In the latest development, Mel Gibson‘s Icon Prods. has sent out hundreds of $500 checks to churches that showed the film last year at 1,400 private screenings.
Aim is to compensate them for the “worship fee” charged by Regal Entertainment. An accompanying letter said Icon hadn’t been informed about the fee and was “shocked and disappointed.”
The letters went out around the time that Icon settled its suit against Regal over the chain’s alleged failure to give Icon its promised $40 million cut of “Passion” proceeds.
Terms were confidential, but there are plenty of other developments that make “Passion” a singular film:
- The MPAA refused to give “The Passion Recut” a PG-13 rating despite having its more violent scenes trimmed. So it became the first re-release to go out unrated when it returned to theaters March 11.
- Regal and Cinemark refused to book “Recut,” but church groups have again launched a grassroots campaign to promote the film.

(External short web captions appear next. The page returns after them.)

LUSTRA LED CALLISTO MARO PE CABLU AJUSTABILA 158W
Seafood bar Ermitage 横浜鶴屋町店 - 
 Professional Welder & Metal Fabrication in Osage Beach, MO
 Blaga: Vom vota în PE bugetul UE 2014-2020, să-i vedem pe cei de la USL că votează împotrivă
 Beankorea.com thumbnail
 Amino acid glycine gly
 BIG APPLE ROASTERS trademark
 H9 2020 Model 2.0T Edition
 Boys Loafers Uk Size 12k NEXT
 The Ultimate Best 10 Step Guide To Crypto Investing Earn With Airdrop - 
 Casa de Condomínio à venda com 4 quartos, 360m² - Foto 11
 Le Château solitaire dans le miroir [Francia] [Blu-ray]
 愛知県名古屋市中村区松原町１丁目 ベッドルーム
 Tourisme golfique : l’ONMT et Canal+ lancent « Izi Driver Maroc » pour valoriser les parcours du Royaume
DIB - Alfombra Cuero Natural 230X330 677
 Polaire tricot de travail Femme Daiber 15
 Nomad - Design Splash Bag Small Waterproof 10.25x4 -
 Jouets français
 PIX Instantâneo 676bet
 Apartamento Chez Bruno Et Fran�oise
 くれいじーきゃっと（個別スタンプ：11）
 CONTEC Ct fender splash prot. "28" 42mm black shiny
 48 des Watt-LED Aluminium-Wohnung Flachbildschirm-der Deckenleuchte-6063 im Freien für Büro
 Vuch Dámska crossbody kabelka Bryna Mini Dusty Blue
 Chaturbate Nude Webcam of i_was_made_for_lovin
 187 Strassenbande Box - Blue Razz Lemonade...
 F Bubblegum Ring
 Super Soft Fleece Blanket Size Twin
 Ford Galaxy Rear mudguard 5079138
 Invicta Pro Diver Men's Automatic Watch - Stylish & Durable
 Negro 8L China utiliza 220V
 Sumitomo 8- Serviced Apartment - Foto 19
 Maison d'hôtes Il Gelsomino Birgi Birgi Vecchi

- “Recut” is being released eight months after the original film’s DVD came out, and Newmarket hopes to make the theatrical re-release an annual event around Easter.
- A DVD release of “Recut” probably will come out some time next year.
If “Passion” were to become an Easter perennial, it could eventually square off with another zeitgeist film in re-release takings: The first “Star Wars” film grossed $153 million during re-releases in 1982 and 1997.